EXERCISE REQUIREMENTS: One exact copy of the listing, minus the images, is the required answer.

INFORMATION:
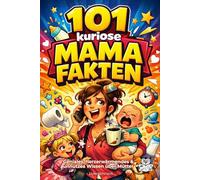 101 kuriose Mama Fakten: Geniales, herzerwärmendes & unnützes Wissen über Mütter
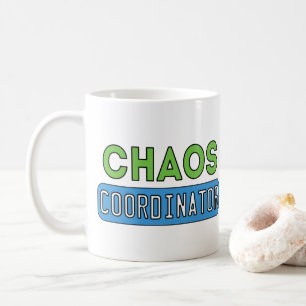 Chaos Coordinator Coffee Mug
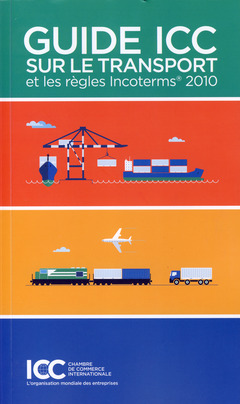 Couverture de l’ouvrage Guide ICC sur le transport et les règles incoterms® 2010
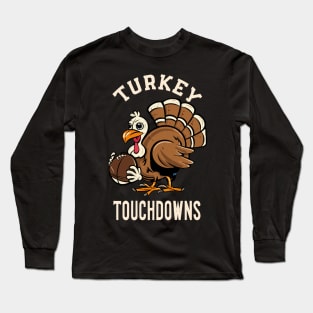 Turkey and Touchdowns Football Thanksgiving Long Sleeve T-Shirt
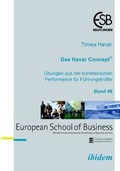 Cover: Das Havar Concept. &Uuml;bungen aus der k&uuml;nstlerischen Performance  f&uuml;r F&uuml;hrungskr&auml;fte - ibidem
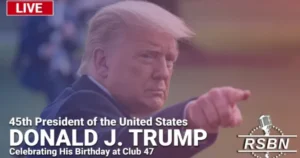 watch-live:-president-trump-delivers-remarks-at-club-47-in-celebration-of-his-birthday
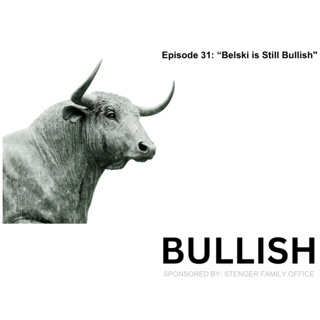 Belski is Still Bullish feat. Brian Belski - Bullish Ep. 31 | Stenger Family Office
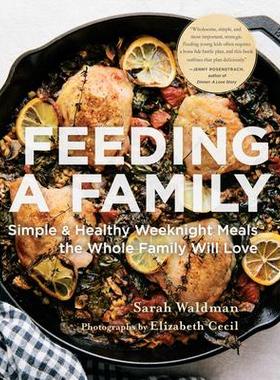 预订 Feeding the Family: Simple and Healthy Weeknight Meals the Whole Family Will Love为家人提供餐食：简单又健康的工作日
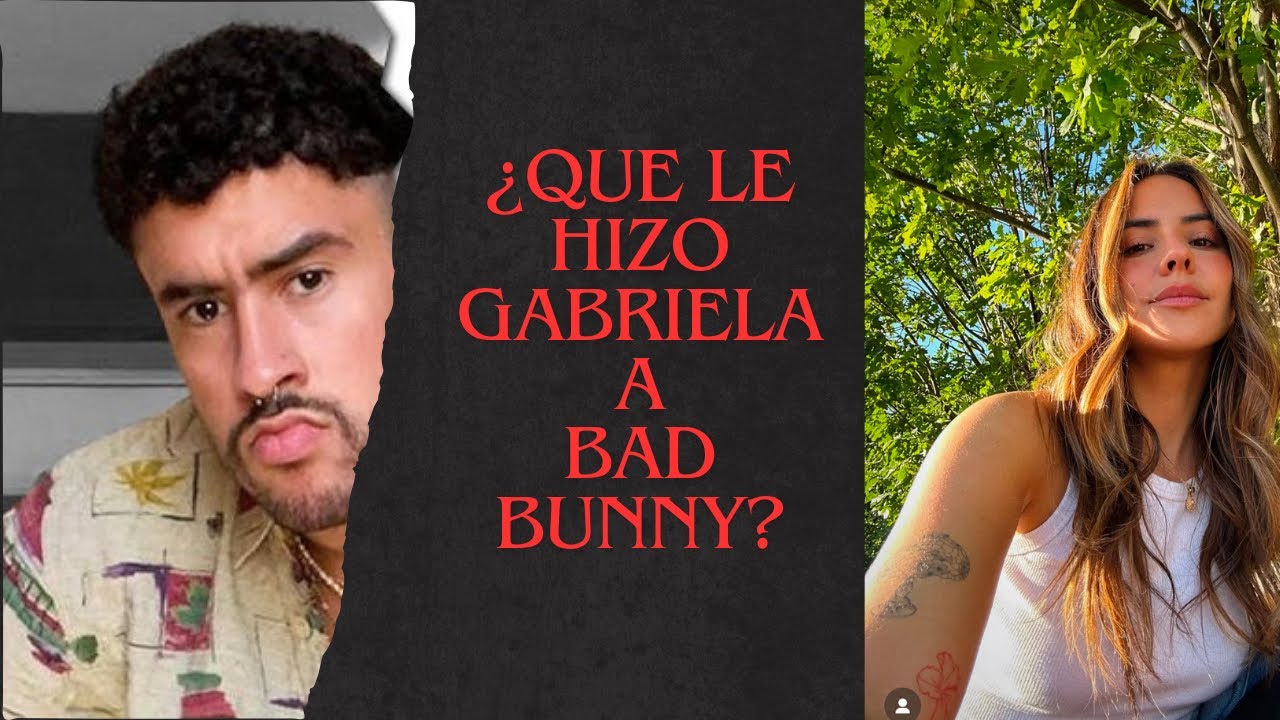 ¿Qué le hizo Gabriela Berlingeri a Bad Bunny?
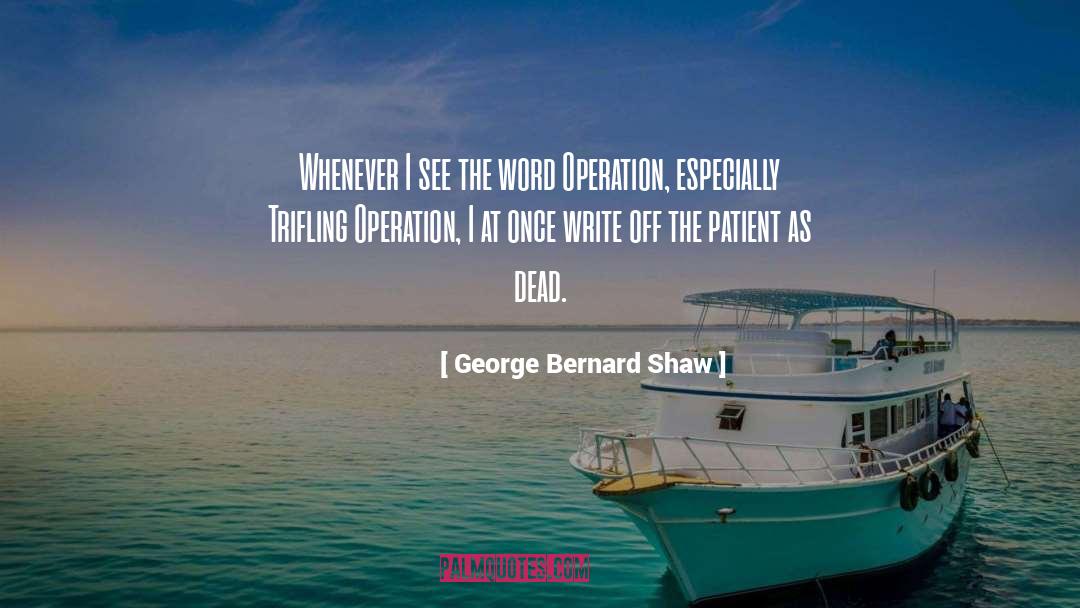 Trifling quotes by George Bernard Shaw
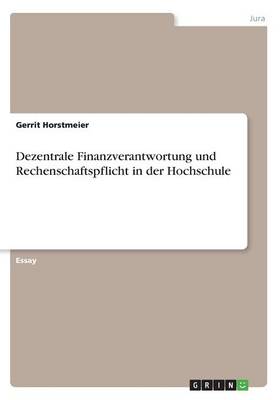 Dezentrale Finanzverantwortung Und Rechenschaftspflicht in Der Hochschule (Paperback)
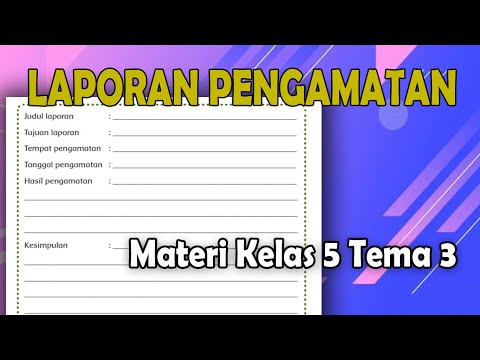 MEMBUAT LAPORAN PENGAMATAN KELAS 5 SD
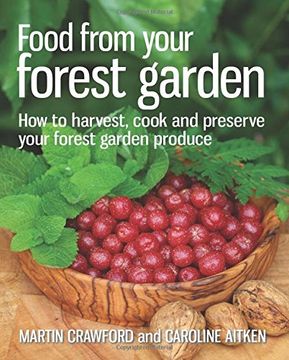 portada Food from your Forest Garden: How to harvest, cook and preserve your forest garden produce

YOUR SOLUTION:
 101 kuriose Mama Fakten: Geniales, herzerwärmendes & unnützes Wissen über Mütter
 Chaos Coordinator Coffee Mug
 Couverture de l’ouvrage Guide ICC sur le transport et les règles incoterms® 2010
 Turkey and Touchdowns Football Thanksgiving Long Sleeve T-Shirt
 Cover: Das Havar Concept. &Uuml;bungen aus der k&uuml;nstlerischen Performance  f&uuml;r F&uuml;hrungskr&auml;fte - ibidem
 watch-live:-president-trump-delivers-remarks-at-club-47-in-celebration-of-his-birthday
 Belski is Still Bullish feat. Brian Belski - Bullish Ep. 31 | Stenger Family Office
 预订 Feeding the Family: Simple and Healthy Weeknight Meals the Whole Family Will Love为家人提供餐食：简单又健康的工作日
 ¿Qué le hizo Gabriela Berlingeri a Bad Bunny?
 Trifling quotes by George Bernard Shaw
 Dezentrale Finanzverantwortung Und Rechenschaftspflicht in Der Hochschule (Paperback)
 MEMBUAT LAPORAN PENGAMATAN KELAS 5 SD
 portada Food from your Forest Garden: How to harvest, cook and preserve your forest garden produce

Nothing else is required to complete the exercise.